[[ TASK INPUT open ]]

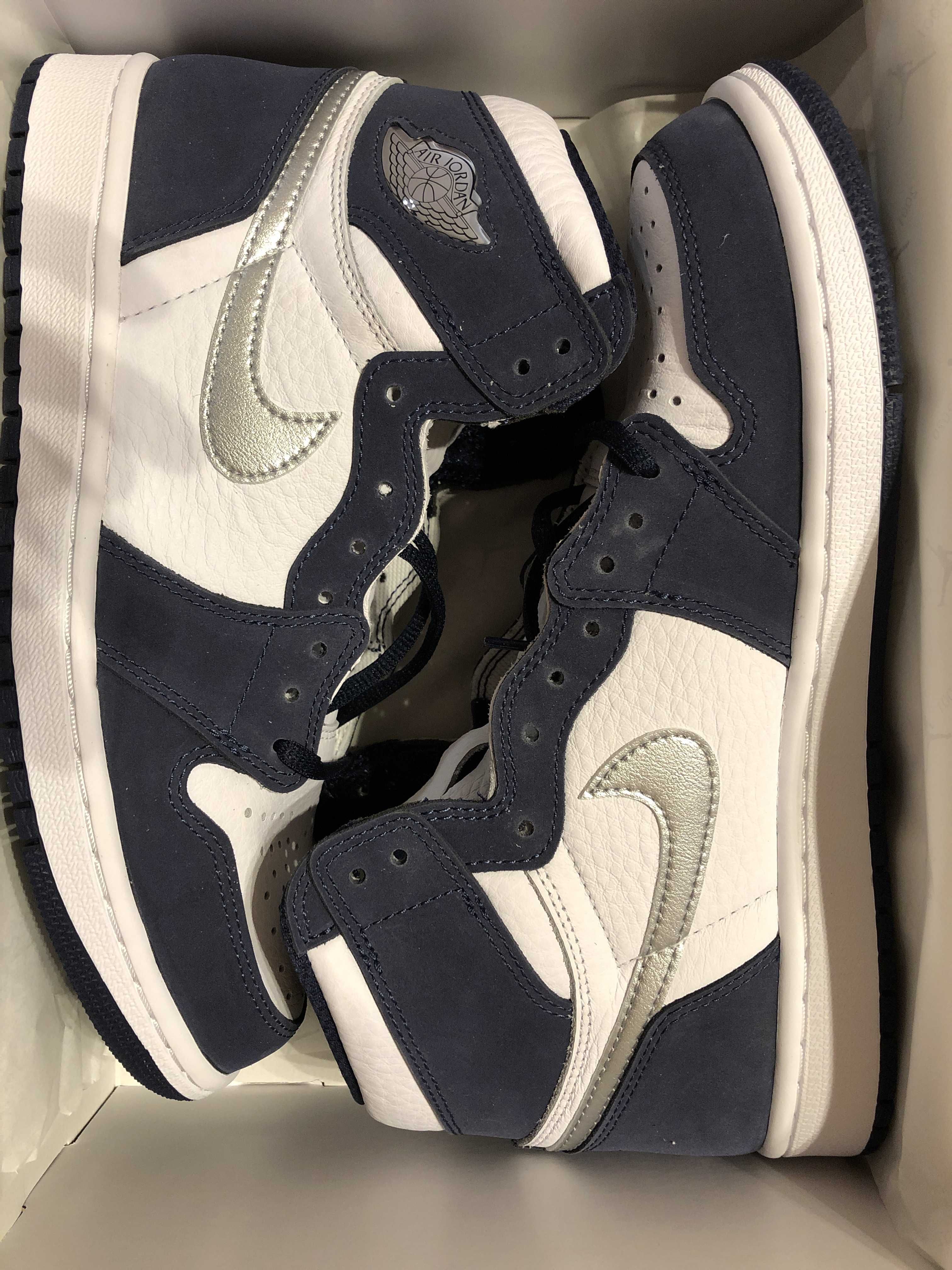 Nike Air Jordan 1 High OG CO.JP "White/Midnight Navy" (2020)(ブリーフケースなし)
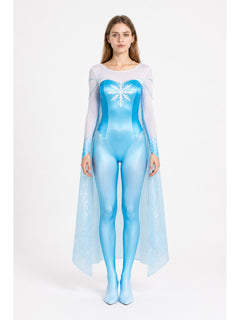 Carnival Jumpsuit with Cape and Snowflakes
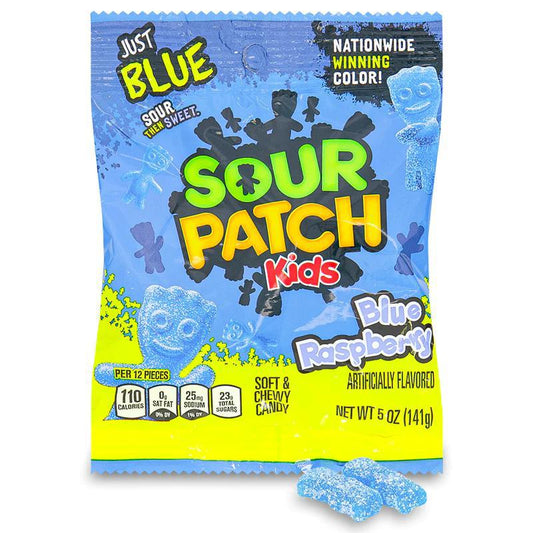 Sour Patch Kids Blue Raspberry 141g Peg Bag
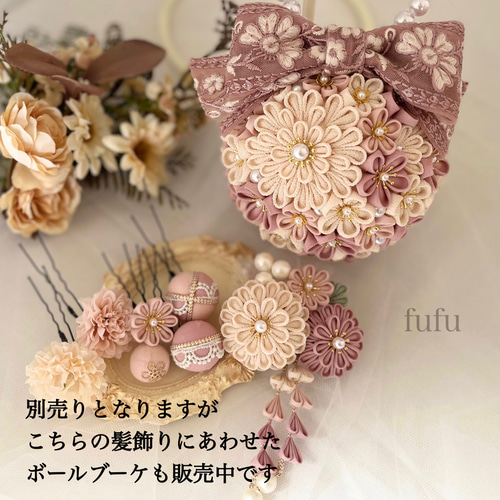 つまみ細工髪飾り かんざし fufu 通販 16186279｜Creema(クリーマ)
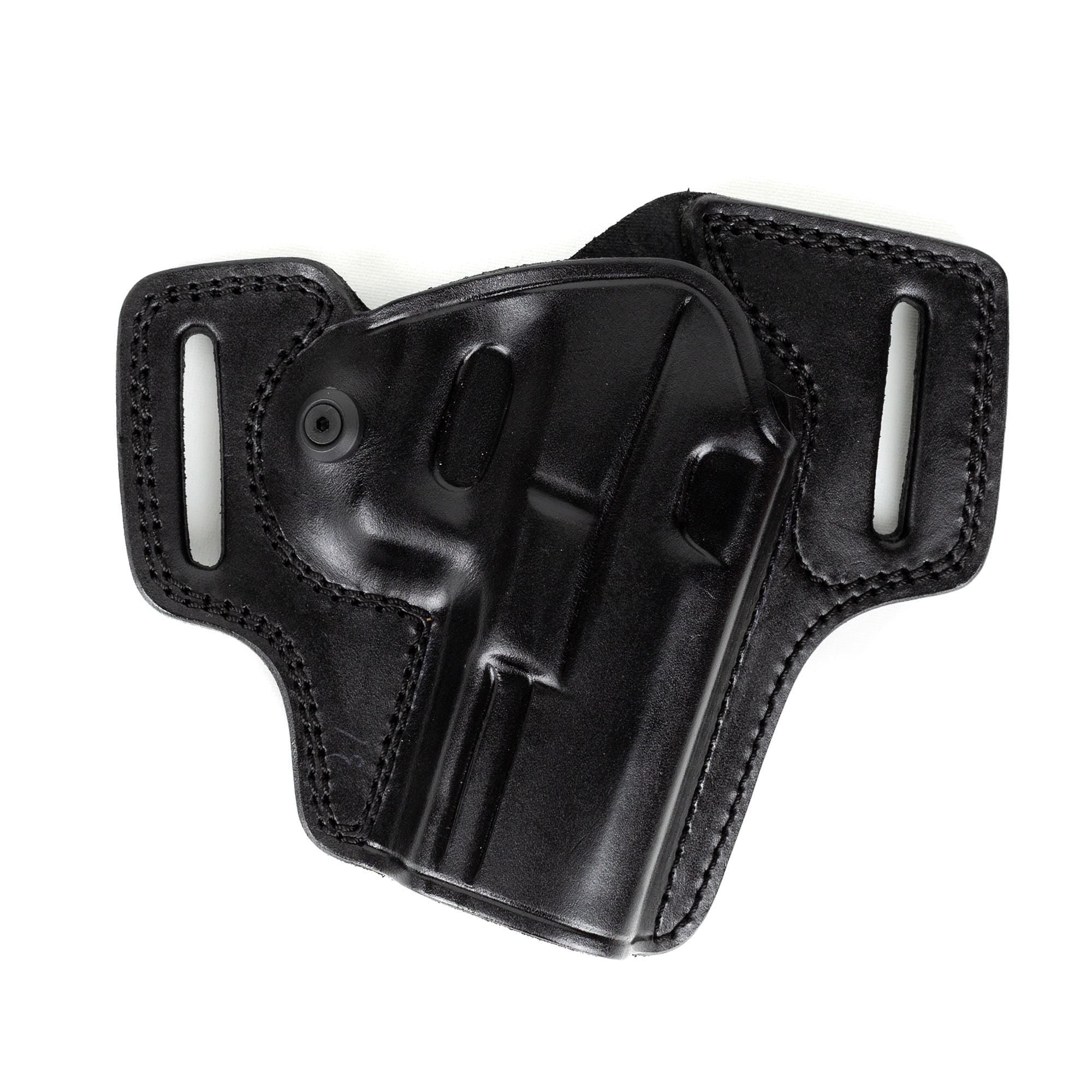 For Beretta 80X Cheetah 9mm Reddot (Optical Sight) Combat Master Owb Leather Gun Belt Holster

[[ TASK INPUT closed ]]

(EXERCISE BRIEF) Return all of the data exactly as written, and drop the pictures.

(RESPONSE AREA)
 Nike Air Jordan 1 High OG CO.JP "White/Midnight Navy" (2020)(ブリーフケースなし)
 Carnival Jumpsuit with Cape and Snowflakes
 Sour Patch Kids Blue Raspberry 141g Peg Bag
 つまみ細工髪飾り かんざし fufu 通販 16186279｜Creema(クリーマ)
 For Beretta 80X Cheetah 9mm Reddot (Optical Sight) Combat Master Owb Leather Gun Belt Holster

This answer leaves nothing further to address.